Most models offer the option of energy recovery and split rinsing is reducing water requirements still further. The market leaders are using detergent systems that require less than 2litres of water per kg of textiles.

The first mainstream tunnel washers were manufactured to take loads of ±35kg and had 13 compartments. This gave them an average output of 910kg (2,000pieces) per hour based on a total 30minutes cycle time.

Slowly the size of the tunnels began to increase from the 35kg unit through 50, 60 and 75kg to the 100kg units now available. The number of compartments rose and machines with up to 18 and even 23 compartments were made and installed.

Cycle times were gradually reduced to 24 – 25minutes as mechanical action increased with large-lifter designs and greater diameters. Machines with output levels now approaching 4,500kg (10,000pieces) per hour are becoming the mainstay of the larger laundries in the textile rental industry.

However, these larger machines began to encounter complications further along the production line. An 18 compartment machine operating on a 24minute cycle time will discharge 100kg of wet, clean work every 80seconds but the extraction units at the end of the washer often required 90seconds or more to achieve the optimum pressure to give the 45% moisture retention levels required.

This is essential not only for efficient use of water but also for efficient drying, especially of terry towels, as drying is the most thermally inefficient stage in the whole laundry line.

Even on a 30minute cycle time, the 18 compartment batch washer discharged a load every 100seconds and therefore membrane presses needed to be improved. They had to be able to achieve pressures of up to 58bar and to do so in a short time – certainly less than the 45seconds often required on the older style membrane presses, which only achieved 27bar.

The increased speed required to achieve optimum pressures in the membrane press also brought its own problems – especially when processing linen with a very high thread count or fabric that retained a lot of the fabric dressing (or warp sizing) that is applied during manufacture.

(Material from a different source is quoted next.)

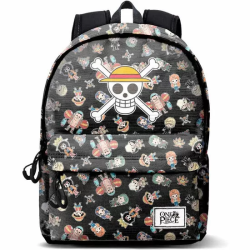 MOCHILA SKULL ONE PIECE 44CM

Such materials are often not very porous and air or water only passes through the material with difficulty. As a result the steep ramp up to high pressure in the membrane press caused larger items, such as sheets, to develop a pattern of small holes. This was caused by the air and water being rapidly forced through the fabric causing it to burst. Slugs of water proved to be a particular problem because water cannot be compressed so pressure on the slug tends to rupture the textile.

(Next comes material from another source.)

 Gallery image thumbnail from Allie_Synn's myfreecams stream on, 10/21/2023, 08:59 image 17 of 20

Recent developments in tunnel-washer rinsing and in de-watering technology are already starting to solve these problems.

Garment washing tunnels havefor some time used two hydro-extractors instead of one membrane press to solve both creasing and de-watering problems.

The Kannegeisser Jet machine brings the extraction stage into the body of the machine and carries out rinsing here rather than in a separate compartment.

The focus for development is also changing. In the early days, the tunnel washer was seen as the machine for the larger laundry and so research and development aimed to increase output and improve efficiency. A side effect of this has been a dramatic improvement in reliability.

A number of manufacturers have now produced compact tunnel washers to cater for the needs of the smaller laundries.

A five-stage tunnel washer that is double skinned so process parameters can be adjusted for different classifications and that works working on a 5 – 6minute wash cycle transfer time will produce 10 – 12 loads per hour.

If the machine handles a load size of 45kg it will produce 450 – 540kg (1,000 – 1,200 pieces) of work per hour so it is suitable for laundries processing 40,000 pieces per week.

A five-stage tunnel handling 35kg batches is economic even for laundries handling smaller volumes but probably needs to be worked for more than 40hours per week to give an acceptable payback.

I believe that the Girbau tunnel washer, which is available as a five-stage machine, is particularly interesting because the design greatly reduces the risk of blockage.

This is achieved by making the compartments, including the first one, identical and by controlling the water levels in each. This means that the machine will not attempt to transfer its load if the water level in any compartment is low. The company, which has around 1,000 tunnels in service worldwide, claims that this design virtually eliminates blockages.

An annual check on the Textile Services Associations’ cost index shows clearly how the global economy affects the laundry industry.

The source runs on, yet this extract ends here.